• _DATA SHOWN_:
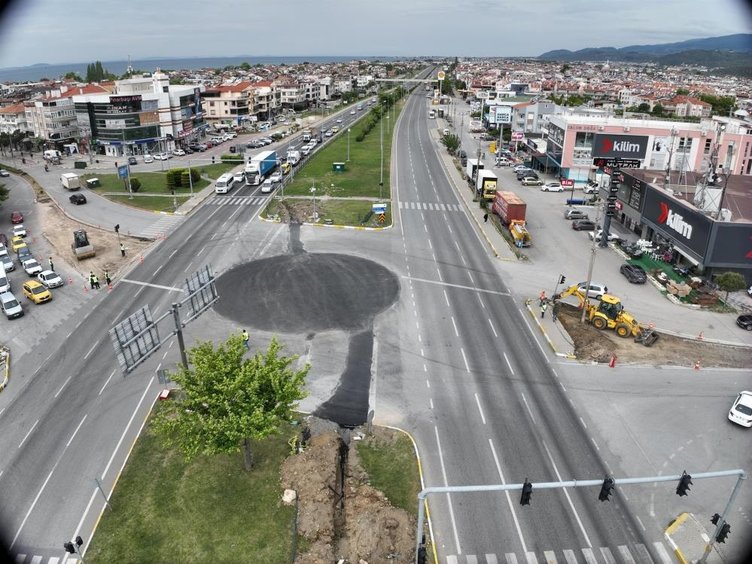 Yazın 2 milyon nüfusu buluyor! Edremit’te trafiği rahatlatan yapılar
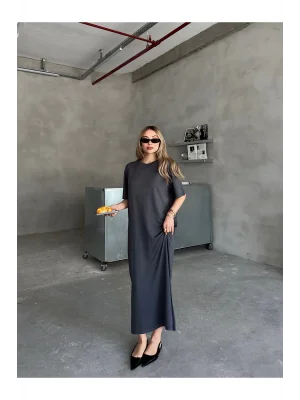 MetuCa Kadın Antrasit Modal Kumaş Yanları Yırtmaçlı Salaş Uzun Tişört Elbise İç Göstermez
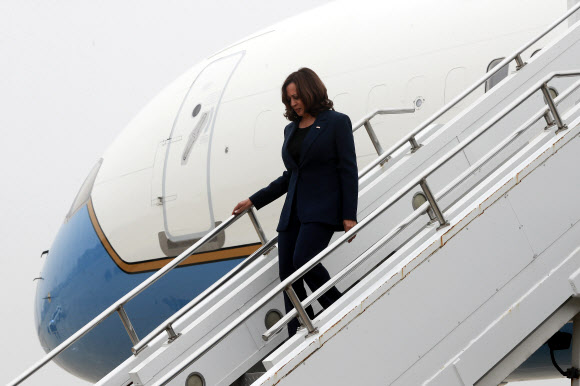 카멀라 해리스 미국 부통령 도착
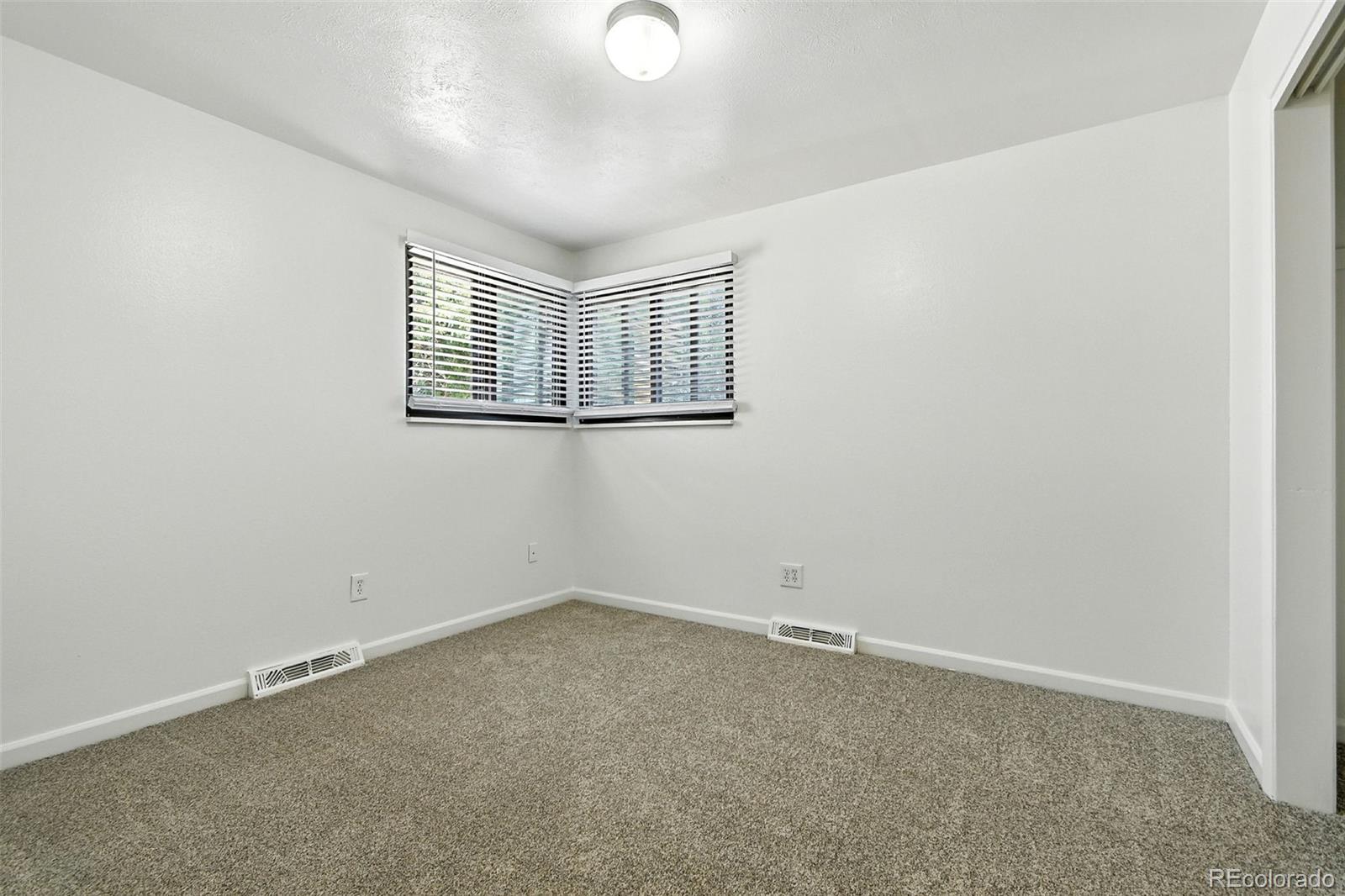 MLS Image #15 for 3207  carson street,aurora, Colorado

• _TASK PROMPT_: Leaving the pictures aside, write out only the lines from the one containing "MetuCa Kadın Antrasit" through the end of the material, exactly as they stand.

• _ANSWER BOX_:
 MetuCa Kadın Antrasit Modal Kumaş Yanları Yırtmaçlı Salaş Uzun Tişört Elbise İç Göstermez
 카멀라 해리스 미국 부통령 도착
 MLS Image #15 for 3207  carson street,aurora, Colorado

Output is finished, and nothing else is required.